We continually hear about "problem" wolves. Even wolf supporters have bought into this pejorative use of the term. There are no "problem" wolves. The problem exists with how we humans define restoration. In nearly all instances, the reason wolves are killed is due to predation by wolves upon domestic livestock. Yet research and experience have demonstrated that proper animal husbandry practices that include swift removal of carcasses, the use of herders and guard dogs and penning of animals at night result in livestock that are far less vulnerable to predator losses. Yet no one, not the U.S. Fish and Wildlife Service or even most pro-wolf organizations are demanding that such practices be implemented in order to minimize conflicts.

It is irresponsible ranchers, not wolves, that are causing problems and livestock "conflicts." Caring properly for livestock is and should be one of the costs of doing business. Right now ranchers have successfully "externalized" one of their costs - proper livestock husbandry - on to the public upon the backs of wolves and other predators.

Indeed, the entire focus of research and support appears to be towards changing the wolves' behavior. Research on the use of sound devices, shock collars, taste avoidance, and other manipulation raises real questions about whether we are going to recover "wild" wolves or merely have "token" animals that look but don't act like wolves running around the landscape.

Worse yet, and more dangerous, is the status of the other wolf recovery areas in the Rockies. Wolves in Central Idaho and Greater Yellowstone are considered "experimental and nonessential." This status allows for even greater manipulation and control of the animals. Wolf supporters in other regions such as the Northeast should be wary of accepting wolf restoration under these terms. Apparently once an experimental wolf, always an experimental wolf - even for your descendants.

When a wolf from Idaho dispersed into Oregon last March, she was captured and relocated to Idaho because she was a "descendant" of a wolf pack that was part of the experimental nonessential population. Ordinarily, a wolf dispersing into Oregon would have full protection under the Endangered Species Act and would not be removed or manipulated. "Experimental nonessential population" status allowed the Fish and Wildlife Service to yank this wolf out of the wild even though she had not had any conflicts with irresponsible ranchers.

Under experimental and nonessential status, the FWS was able to avoid advocating any changes in federal land management or even livestock practices. As a result lethal control has also taken its toll on wolves in the other recovery areas. In the past year, for instance, three wolf packs in a 150-mile swath of Central Idaho were destroyed - again due to livestock conflicts.

A number of wolf packs in the Greater Yellowstone area also experienced lethal control to the detriment of the pack organization. For example, the Sheep Mountain pack whose territory extended just north of Yellowstone National Park experienced the loss of 6 members this past year due to lethal control.

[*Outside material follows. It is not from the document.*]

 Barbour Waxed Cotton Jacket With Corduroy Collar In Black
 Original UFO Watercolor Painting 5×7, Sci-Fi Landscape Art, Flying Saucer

The Sheep Mountain losses exemplify what is wrong with our entire approach to wolf restoration. These wolves had established a den site and later a rendezvous site on an elk winter range and calving ground on Forest Service land that also happened to be used as a summer livestock grazing allotment. Even though the wolves were still actively using the area, the FS and FWS allowed the rancher to place his cattle on the allotment. This operator left dead animals on the allotment, and was not required to herd or otherwise protect his animals. About a week before the rancher was supposed to pull his cows off the public lands, the wolves found and fed upon a dead cow carcass. A few days later, they attacked a calf and killed it. The FWS immediately flew in and killed four wolves. This was an entirely avoidable situation. Yet no one, not the FWS, not the FS, not even most environmental organizations questioned the policy of allowing livestock and wolves to overlap.

There is not a wolf pack that I am aware of in the West that has the majority of its territory overlapping with livestock that hasn't wound up preying upon livestock at some point in time. Maybe not every generation, maybe not every wolf but sooner or later, wolves give in to the opportunities presented by sloppy livestock operations, and consequently suffer some kind of response - whether removal or lethal control.

Ironically, few wolf supporters have questioned this use of lethal control with regard to wolves, yet this is highly unusual in our approach to endangered species recovery. Yes the killing of a cow causes an economic loss to the rancher, but such losses can be compensated, or more importantly, avoided if proper husbandry practices were mandatory. Moreover, we don't allow logging companies to shoot spotted owls because they remove trees from the timber base available for cutting, despite a far greater economic impact upon timber companies and communities. Nor do we allow commercial fishermen to kill bald eagles or marine mammals that are eating salmon or other fish. Yet far too many accept the notion that ranchers have a right to kill wolves for livestock depredation.

Even if we could win some concessions from livestock operators to minimize predator opportunity through herders and nighttime penning and other measures, it's important to recognize that the mere presence of livestock still creates conflicts. Many prey species like elk avoid areas actively being grazed by domestic livestock, and are displaced. When wolves are tied down with pups they cannot follow displaced prey easily, creating a hardship upon wolves attempting to feed their young - and indirectly creating a situation that may lead to livestock depredation. Thus even so called "predator friendly" livestock operations pose a problem for predators like wolves even if the predators are not directly killed.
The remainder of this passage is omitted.